Tuesday, December 31, 2013

Blessings Abound


as 2013 comes to an end, my thoughts turn to all the blessings in my life, and i am filled with a deep sense of gratitude.  in my morning meditation, i thought of my wife, of our children and their spouses, of our neighbors, of our many friends--especially of those in our church, of those whose blogs i follow, of local charities and international charities--of the Haiti Education, the Clinton, the Calvert Foundations, of Heifer International, of Solar Under the Sun and Living Waters of the World--of those who seek to feed the hungry, to clothe the naked, and to give water to the thirsty as they serve in our government, of president obama and the good he has tried to do, of all those who seek to relieve suffering in the world.  there are so many who to do good in the world, and i am grateful to all of them.

how wonderful life is because of the efforts of those who live lives of lovingkindness and compassion.  as we begin 2014, may we all redouble our efforts to live so that others may look to us in gratitude, may we make it our goal to relieve suffering where we can and to assist others to lessen the burdens of others.  may we live each day gratefully for the air we breathe and for the oppotunity to enlarge our minds and hearts.  shalom.

Tuesday, December 24, 2013

Joy to the World


though this will be posted to my blog on christmas eve, i'm writing one day earlier.  on christmas eve, my family will be together to celebrate our christmas together--perhaps the last time we'll be able to do this, as my 95-year-old father will be moving into an assisted living facility about 12 hours away so his wife can be closer to her family--and i will play for two christmas eve services.  all that activity will leave no time for writing.

today, as i sit in my office at the church, i look back on how life has changed for me during the past year.  i realize that i am much more at peace with myself and with those around me.  petty irritations still get under my skin, but i now see that they are exactly that: "petty."  i am more aware of my kinship with others, more cognizant of how much more we are all alike than we are different.  i am not as prone to be offended by the speech and actions of others or as demanding for recognition.  when someone treats me badly, i can feel the first surge of anger subsiding to be replaced by a vision of that person as a suffering child or as someone dear to me who could easily be my sibling, my parent, or my own child.  i often find myself saying, "if this person were my mother or my child, would i become angry so easily?"

this realization of our interconnectedness has changed my outlook on life, and i know that much of this change in my heart and mind has come about because of the time i've spent in meditation.  the ability to put things in perspective has helped me to be more appreciative of others, to feel a deep sense of calm, and to be more kind.  i can see, too, that my change in point-of-view has had an effect on the behavior of others.  i feel much more loved and appreciated by those nearest me, and i sense that they act more lovingly towards me.
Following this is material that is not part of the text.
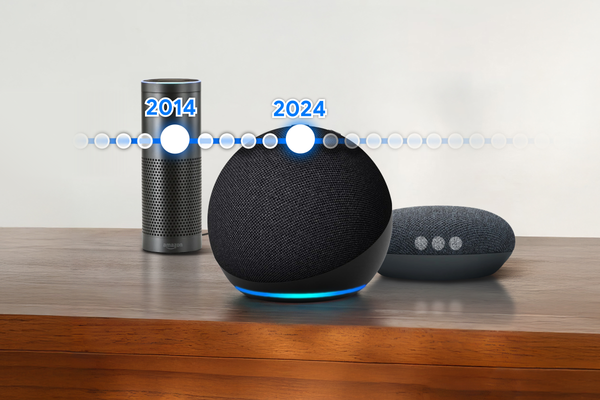 Some smart speakers on a wooden table and a 10-year timeline.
my prayer for myself and for each of you this day and each day is that we all perceive a deep connection to those around us, treating them, even when they don't deserve it, as we want to be treated.  may the joy of this season of love bring you and me a happiness that transcends the momentary sufferings we experience and a calm that doesn't waste time classifying live's events as "good" or "bad," but simply as part of the natural fabric of life.  shalom.

Tuesday, December 17, 2013

Go Thou and Do Likewise

while we've been traveling during the past couple of weeks, i've been unable to post to this blog.  i had every intention of keeping up my each-tuesday posts during our trip, but somehow this didn't happen--jet lag, internet availability, erratic schedules, and just plain fatigue all interfered with my good intentions.  now that we've returned to the states, i'll do my best to return to my weekly schedule.

there are many things i want to write about, but as i reflect back on our trip, one thing sticks in my mind:  the amazing kindnesses of strangers in other lands.  this has been true on every trip we've taken outside the united states, and this trip was no exception.  as we traveled on a local train outside salzburg on our way to oberndorf to visit the "stille nacht" church, a kind austrian lady picked up on our uncertainty about where to disembark and where to go once we did get off the train.  in flawless english she answered every question.  with her help, we left the train at the proper stop, and, as we stepped down, another austrian couple introduced themselves and offered to escort us to the church, as they were making their annual pilgrimage there.

as we walked along, they explained that they live near vienna and come to salzburg every december for the christmas markets and concerts.  they always make a trip out to oberndorf to visit this little chapel built to commemorate the creation of the world's best-loved christmas song, and it was our good fortune to choose to make our pilgrimage on the day they had chosen.  we had a wonderful time visiting with them and learned through them that we could cross a bridge over the salzach river into the town of laufen, germany, and cross another bridge back into austria on the other side of laufen.  we four made this long trek together, and this time with these former strangers, now friends, is one of our fondest memories of our trip to germany, austria, and switzerland.

there are many other instances of such kindnesses that i could tell, but this one serves to illustrate how much we are all the same and how there are always others along our paths that are ready to help us.  my prayer today is that you and i can be one of those who find ourselves on the side of the path
 when another needs our help.  may we be the "good samaritan" for another this day.  shalom.